# Linear Regression on Canada Per Capita Income (from scratch)

Implementation uses only NumPy for math and Matplotlib for visualization, following the standard gradient descent solution for univariate linear regression.

In [1]:
import numpy as np
import matplotlib.pyplot as plt

# Ensure reproducibility
np.random.seed(42)

# Plot style
plt.style.use('seaborn-v0_8-whitegrid')

## 1. Load the CSV dataset
Dataset: `canada_per_capita_income.csv` (year, income).

In [2]:
def load_dataset(csv_path):
    """
    Load a two-column CSV (year, income) without using pandas.
    Returns feature column x (years) and target y (income), both as column vectors.
    """
    data = np.loadtxt(csv_path, delimiter=",", skiprows=1)
    x = data[:, 0:1]  # years
    y = data[:, 1:1+1]  # income
    return x, y

csv_path = "canada_per_capita_income.csv"
x_raw, y = load_dataset(csv_path)
print(f"Loaded {x_raw.shape[0]} rows from {csv_path}")

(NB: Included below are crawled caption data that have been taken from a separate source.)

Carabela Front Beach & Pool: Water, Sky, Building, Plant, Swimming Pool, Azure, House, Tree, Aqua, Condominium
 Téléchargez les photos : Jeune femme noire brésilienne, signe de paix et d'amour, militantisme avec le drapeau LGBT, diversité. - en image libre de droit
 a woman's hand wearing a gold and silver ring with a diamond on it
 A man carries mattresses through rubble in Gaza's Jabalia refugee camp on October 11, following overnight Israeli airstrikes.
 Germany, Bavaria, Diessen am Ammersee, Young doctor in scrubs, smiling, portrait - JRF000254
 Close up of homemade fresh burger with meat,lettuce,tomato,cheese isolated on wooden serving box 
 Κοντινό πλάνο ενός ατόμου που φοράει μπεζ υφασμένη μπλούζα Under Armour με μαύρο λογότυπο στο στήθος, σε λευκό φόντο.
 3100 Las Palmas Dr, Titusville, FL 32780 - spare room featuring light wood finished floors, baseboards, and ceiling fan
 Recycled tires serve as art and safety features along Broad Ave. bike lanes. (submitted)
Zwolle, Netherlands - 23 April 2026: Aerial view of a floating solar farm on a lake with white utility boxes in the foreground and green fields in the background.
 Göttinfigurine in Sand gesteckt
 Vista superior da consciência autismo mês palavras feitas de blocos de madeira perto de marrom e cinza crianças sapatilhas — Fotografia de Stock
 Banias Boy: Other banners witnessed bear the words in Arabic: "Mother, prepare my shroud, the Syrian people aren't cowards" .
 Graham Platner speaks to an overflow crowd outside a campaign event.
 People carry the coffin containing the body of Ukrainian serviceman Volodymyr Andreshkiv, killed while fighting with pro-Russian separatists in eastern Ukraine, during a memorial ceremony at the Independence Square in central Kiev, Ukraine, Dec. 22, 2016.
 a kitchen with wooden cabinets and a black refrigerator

Loaded 47 rows from canada_per_capita_income.csv


## 2. Model equations (univariate linear regression)
- Hypothesis: $\hat{y} = w_0 + w_1 x$
- Cost (MSE): $J(w_0, w_1) = \dfrac{1}{2m} \sum_{i=1}^{m} (\hat{y}^{(i)} - y^{(i)})^2$
- Gradients:
  - $\dfrac{\partial J}{\partial w_0} = \dfrac{1}{m} \sum_{i=1}^{m} (\hat{y}^{(i)} - y^{(i)})$
  - $\dfrac{\partial J}{\partial w_1} = \dfrac{1}{m} \sum_{i=1}^{m} (\hat{y}^{(i)} - y^{(i)}) x^{(i)}$
- Updates (gradient descent):
  - $w_0 \leftarrow w_0 - \alpha \dfrac{\partial J}{\partial w_0}$
  - $w_1 \leftarrow w_1 - \alpha \dfrac{\partial J}{\partial w_1}$

In [3]:
def normalize_feature(x):
    """
    Normalize feature to zero mean and unit variance for stable gradient descent.
    Returns normalized x and the (mean, std) for inverse transforms.
    """
    mean = np.mean(x)
    std = np.std(x) + 1e-8
    x_norm = (x - mean) / std
    return x_norm, mean, std


def add_bias(x):
    """
    Add bias column of ones to feature matrix.
    """
    return np.hstack([np.ones((x.shape[0], 1)), x])


def predict(X, w):
    """Compute predictions given design matrix X and weights w."""
    return X @ w


def compute_cost(X, y, w):
    """Mean squared error cost: J = (1/(2m)) * sum((Xw - y)^2)."""
    m = X.shape[0]
    residual = predict(X, w) - y
    return (1.0 / (2 * m)) * np.sum(residual ** 2)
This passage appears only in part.